Isolated ACLR did not restore normal overall knee kinematics in a combined ACL plus anterolateral-deficient knee, leaving a residual tibial rotational laxity (p=0.034). Only the ALLR (p=0.661) and modified Ellison procedure (p=0.641) restored overall IR kinematics to the normal intact state. Superficial and deep Lemaire and modified MacIntosh tenodeses overconstrained IR, leading to shifted and different kinematics compared with the intact condition (p=0.004, p=0.001 and p=0.045, respectively). Compared with ACLR state, addition of an anterolateral procedure did not induce any additional control on AP translation at 30° and 90° of flexion (all p>0.05), except for the superficial Lemaire procedure at 90° (p=0.032).

CONCLUSION

In biomechanical in vitro setting, a comparison of five anterolateral procedures revealed that addition of either ALLR or modified Ellison procedure restored overall native knee kinematics in a combined ACL plus anterolateral-deficient knee. Superficial and deep Lemaire and modified MacIntosh tenodeses achieved excellent rotational control but overconstrained IR, leading to a change from intact knee kinematics.

LEVEL OF EVIDENCE

The level-of-evidence statement does not apply for this laboratory experiments study.

摘要

目的

控制膝关节前外侧旋转松弛的最佳前外侧入路仍不清楚。本研究的目的是比较 5 种在前交叉韧带重建(ACL)时联合应用的前外侧入路在 ACL 和前外侧结构缺失的情况下恢复正常膝关节运动学的能力。

方法

本研究采用 10 个新鲜冷冻的完整下肢尸体标本进行对照实验室研究,包括完整的髂胫束。使用运动分析三维(3D)光电系统记录 0°至 90°的屈曲运动学,允许在 30°和 90°的屈曲时评估内旋(IR)和前后(AP)胫骨平移。关节中心和骨标志从 CT 扫描获得的 3D 骨模型中计算得出。最初评估完整膝关节运动学,然后依次切除 ACL 和前外侧结构(前外侧韧带、前外侧囊和 Kaplan 纤维)。在 ACLR 后,在同一条膝关节上连续进行 5 种前外侧手术:ALLR、改良 Ellison、深 Lemaire、浅 Lemaire 和改良 MacIntosh。后三种手术是随机进行的。

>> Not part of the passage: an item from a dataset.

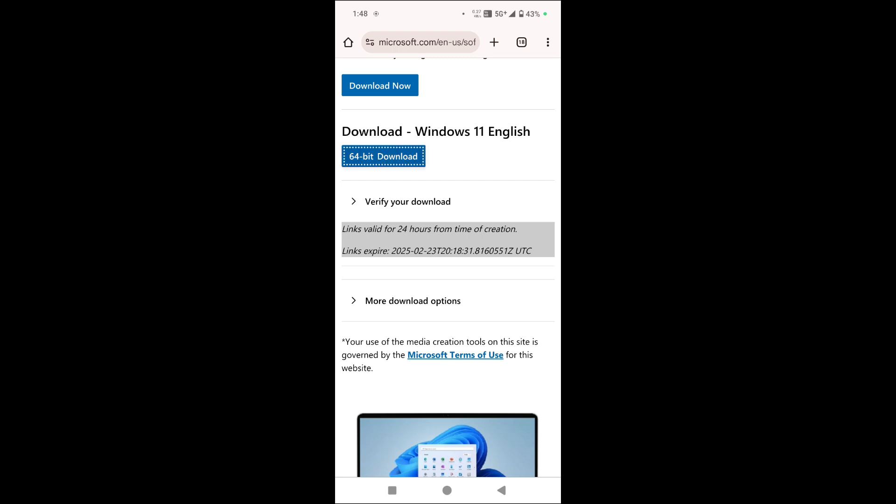Or you can simply share this link and download it in your laptop and PC. So simply tap on 64 bit download...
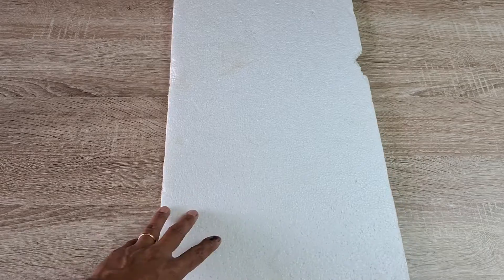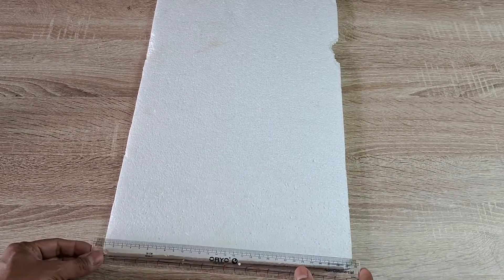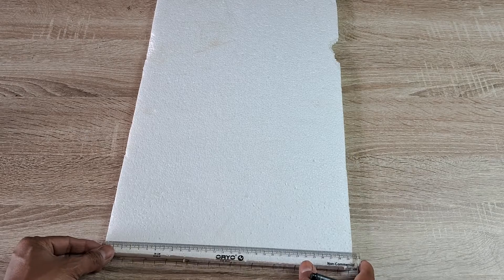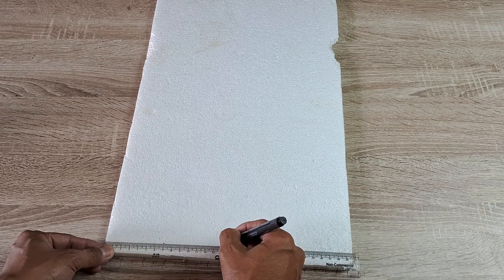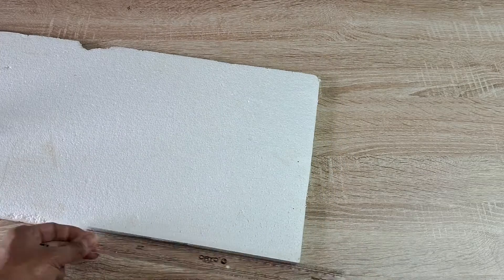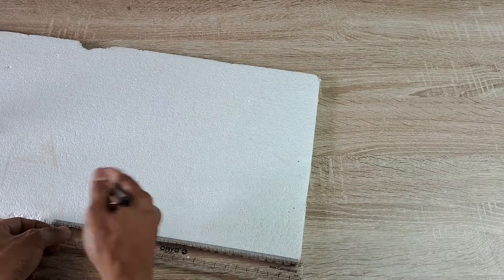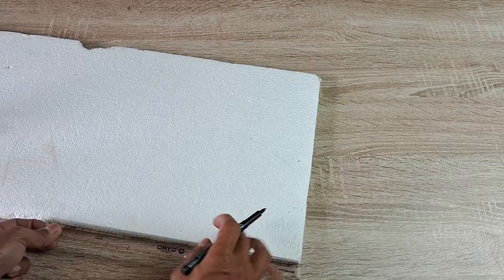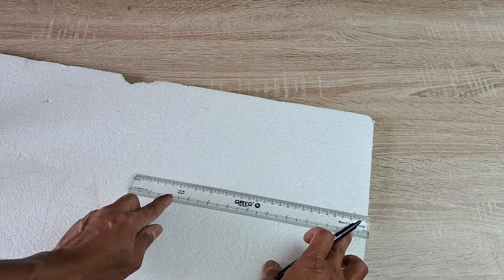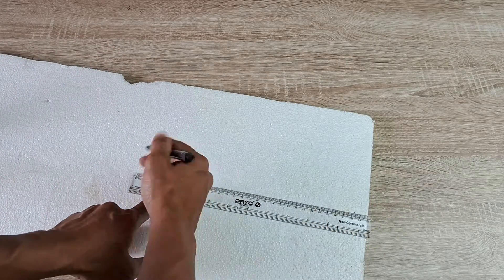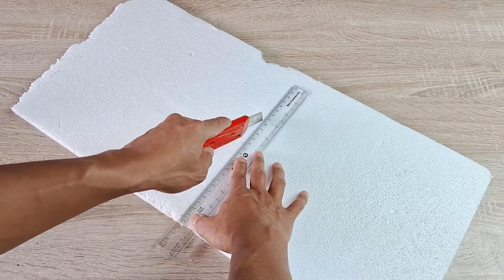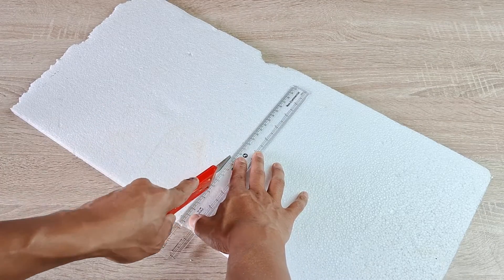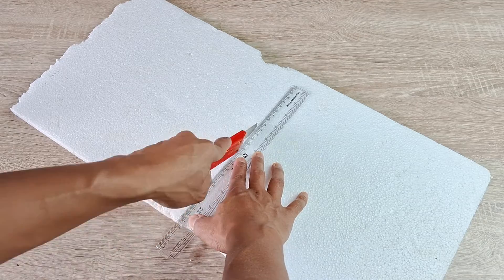To begin, take the thermocol sheet which is about half an inch thick, make necessary measurements and markings of the required length and width, and then carefully cut out two sheets of equal dimensions. These will be the two spreading platforms.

对于每个手术,移植物在 30°的屈曲时固定在中立旋转位置,并施加 20 N 的张力。

结果

ACL 单独重建不能恢复 ACL 联合前外侧缺失膝关节的正常整体膝关节运动学,导致残留胫骨旋转松弛(p=0.034)。只有 ALLR(p=0.661)和改良 Ellison 手术(p=0.641)将整体 IR 运动学恢复到正常完整状态。浅层和深层 Lemaire 以及改良 MacIntosh 肌腱过度限制了 IR,导致与完整状态相比出现移位和不同的运动学(p=0.004,p=0.001 和 p=0.045,分别)。与 ACLR 状态相比,在前外侧手术的基础上,在 30°和 90°的屈曲时,AP 平移没有任何额外的控制(均 p>0.05),除了浅层 Lemaire 手术在 90°时(p=0.032)。

结论

在生物力学的体外环境中,对 5 种前外侧手术的比较显示,无论是 ALLR 还是改良 Ellison 手术的附加手术都可以恢复 ACL 联合前外侧缺失膝关节的整体正常膝关节运动学。浅层和深层 Lemaire 以及改良 MacIntosh 肌腱能够实现出色的旋转控制,但过度限制了 IR,导致与正常膝关节运动学不同。

局限性

本实验室实验研究的证据水平不适用。